2019年は終わりましたが、量子コンピュータを完全に実現するための探究は続いています。2つのコンピュータチップ間の量子テレポーテーションが初めて実証されたことが昨年末に発表されました。
この成功の意味するところは、簡単に言うと、2つのコンピュータチップの間で、物理的な電子接続によるのではなく、量子もつれを通して情報が伝わったということです。これは、量子物理学の原理を用いて、隙間を超え、2つの粒子をリンクさせることによって実現しました。
量子もつれ(アインシュタインが「不気味な遠隔作用」と呼んだことがよく知られている現象と同じもの)に関しては、まだ、全てが理解されているわけではなりませんが、今のところ、厳密に制御された実験室という環境に限定された実験結果ではあるものの、コンピュータ・チップ間で情報を送るために量子もつれを使うことができたのは意義深いことです。
「実験室で2つのチップ間に質の高いもつれのつながりが発生することを実証できました。この実験では両方のチップの光子が同じ単一量子状態を示していたのです」と英ブリストル大学の量子物理学者ダン・ルーウェリン氏は説明しています。
「そうして、それぞれのチップはもつれを活用する様々な実演を行うように完全にプログラムされました」
仮説上は、量子もつれはどのような距離においても作用することができます。2つの粒子は密接につながり合っているので、たとえ、どこにあろうと(この実験の場合は別々のチップ上)、一方を見ればもう一方について、何かしらがわかるということを意味しています。
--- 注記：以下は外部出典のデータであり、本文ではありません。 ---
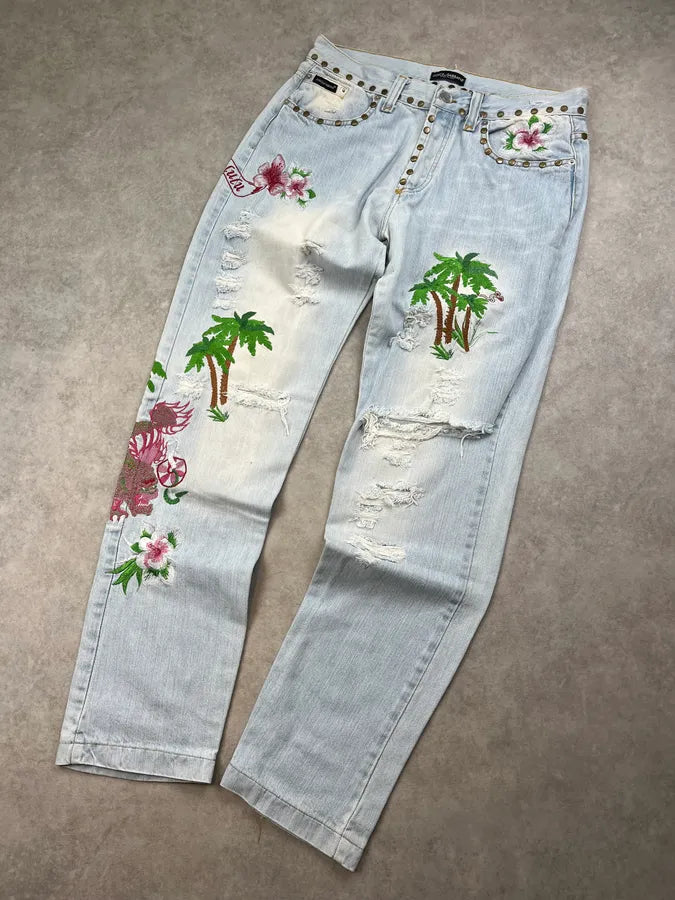 SS2006 Dolce & Gabbana Haiwai Honolulu Embroideries Distressed Denim Jeans xGAwiRL 4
このような実験結果を得るために研究チームが行ったのは、もつれた光子のペアを発生させ、確実に妨害を低く抑えて高い正確性を保つように量子情報をコード化することです。最大4量子ビット(古典コンピュータのビットに相当する量子コンピュータの情報の基本単位)のもつれができました。
「最も重要な実演は2つのチップ間のテレポーテーションでした。粒子の個別の量子状態は、量子測定が行われた後、2つのチップの間の隔たりを超えて伝わりました」とルーウェリン氏。
「この測定は量子物理学の不可解なふるまいを活用します。もつれのつながりを崩壊させるのと同時に受信側のチップ上に既にある別の粒子に量子状態を転送します」
こうして、ほぼすべての情報が正確に伝えられ、記録されたことに見られるように複製忠実度が91%に達する実験を行うことができました。
量子もつれの作用の仕方についての理解は進んでいるものの、現時点では制御することは困難です。ノートパソコンにインストールするようなわけにはいきません。機能させるためには高価な大型の科学機器が必要となります。
しかし、今回の結果のような実験室での前進が、いつの日にか、誰にとっても役立つことのできるコンピュータに発展する最初の一歩になるかもしれないという希望が持てます。たとえば、非常に強力な処理能力やハッキングに対する防御装置を内蔵する、次のレベルのインターネットといったものです。
この研究では、研究者たちが高いレベルで実験を制御することができた上に、データ喪失が少なく、テレポーテーションの安定性が高かったことは追跡調査が前途有望である兆しと言えるでしょう。
また、現代のコンピュータに使われているシリコンチップ(Siチップ)の技術やチップを製作するために使われる相補型金属酸化膜半導体(CMOS)の技術を発展させるために量子物理学を使う取り組みに弾みをつける研究にもなります。
「将来は、量子光通信の装置と古典的な電子制御装置をひとつのシリコンチップに統合することが、完全にマイクロチップを基盤としてCMOSと互換性のある量子通信と情報処理ネットワークへの扉を開くと思われます」と中国北京大学の量子物理学者であるジアンウェイ・ワング氏は述べています。